MELANIE MINTY: A big, shiny new theatre isn’t needed in Surrey, but smaller spaces sure are

The phrase 'Build it and they will come' clearly does not apply to theatre space

The interior of Bell Performing Arts Centre in Surrey

SURREY — The City of Surrey has an ambitious Cultural Plan. You may have heard about the proposed “cultural corridor” running along King George Boulevard, with pop-up galleries, and the city revamping disused spaces and converting them into spaces for the arts. There are also cultural grants to assist the growth of Arts and Heritage projects. The city has branded this “AH.” So all well and good, but there is only so much you can absorb from reports. Sometimes you just have to meet face to face, people to people.

Last Wednesday (Oct. 5), city officials held a Cultural Grant workshop and info meeting for interested applicants who would like a share of the proposed $300,000 in cultural grants. This is a significant increase in funds which the cultural services people really want to get out and working in the community. Sheila McKinnon, Manager of Arts Services, impresses me more every time we meet. She wants to help you and your ideas to become a part of Surrey’s Cultural Landscape. There are real people at Surrey Arts Centre, and very approachable.

While the meeting corralled about 80 interested people, these were the people who have already notified the city with an expression of interest in receiving a grant. Since Surrey’s Cultural Plan is titled “Enhancing Urbanization through Arts and Heritage,” there was quite a diverse group present. For some organizations like Surrey Little Theatre and FVGSS, a musical theatre company, applying for grants is an annual project, and they mostly have a grip on how to make a successful grant application. But there are many other unique and individual hopefuls who really don’t know where to start.

CLICK HERE to learn more about Surrey’s Cultural Grants program.

McKinnon encouraged all groups to become not-for-profit societies. That takes some effort, but it’s worth it in the long run. “Really focus on the quality of your application,” was her further advice. It takes more than just a good idea – you need to have a proposed budget, defined goals and how you fit in with the cultural plan. Again, here the city will assist you in how to become a NFP registered society. Planning is everything, and if you did get a grant, be sure to do an excellent follow up report. This is as important as filing your income taxes on time. Deadlines are there for a reason. Do your due diligence. I know, it is easy said, but not so easily done. Just remember, there are good people in the city’s arts services department who want to help. If you want more information about the cultural grants program, email culturalgrants@surrey.ca. You will be heard, and answered.
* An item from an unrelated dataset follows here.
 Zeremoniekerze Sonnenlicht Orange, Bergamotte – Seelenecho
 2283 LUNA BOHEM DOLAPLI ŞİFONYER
The grants funding for 2017 might be about 300 per cent greater than the original grant allocation in 2013. Remember, this is just the grant funds, and the city does allocate more funds than just the grant program. The entire Arts and Heritage program for the city includes the Phase II expansion of Surrey Museum and other capital projects. Somewhere in there is the construction of a bright, shiny new 1,600-seat theatre. If anyone in the planning sector is listening to me (and it seems they do), this city does not need another large theatre that is too expensive for community groups to rent. Look at the underused and overbuilt Bell Performing Arts Centre. The phrase “Build it and they will come” clearly does not apply to theatre space. What I am hearing from community groups is that smaller-capacity venues are more useful, and needed. This time, please listen. A big performing arts centre may be politically attractive but it is not practical now. Community performing-arts groups need smaller, affordable venues. Now.

Here is another avenue to pursue on the internet: Go to Surrey.ca/culture-recreation to hook into the excellent city website. I found a nifty tool called Surrey Speaks. Sign up for this survey. You can enter your opinions and let the city planners know what facilities you use and what your evaluation is of the service you received. We folk in the arts are not a very cohesive team, like a soccer club, for example. We tend to go it alone in our own interests for our own unique group. Well, here is a tool. Use it. Speak out.

If you are a business, you are not eligible for these grants, but you can partner with an arts/heritage organization. The Capacity Building category of these grants encourages partnerships which result in cultural programs and initiatives. I can think of one project that could be organized: Creating a comprehensive listing of arts and heritage organizations looking for business partnerships. This question is not mine, it came up at the informational meeting. Is there any listing? Answer is, no – not yet, anyhow. Good idea, and creating a comprehensive listing would be a fine project worthy of a city cultural grant.

Now all that is left is to decide what is art, what is culture and what is heritage. Go to the website listed above, look around. It is computer time well spent. It’s good for the city’s economy, all this funding. As McKinnon pointed out, every dollar given out in cultural grants sees a return of $8 to our local economy. This is a worthwhile investment, for sure.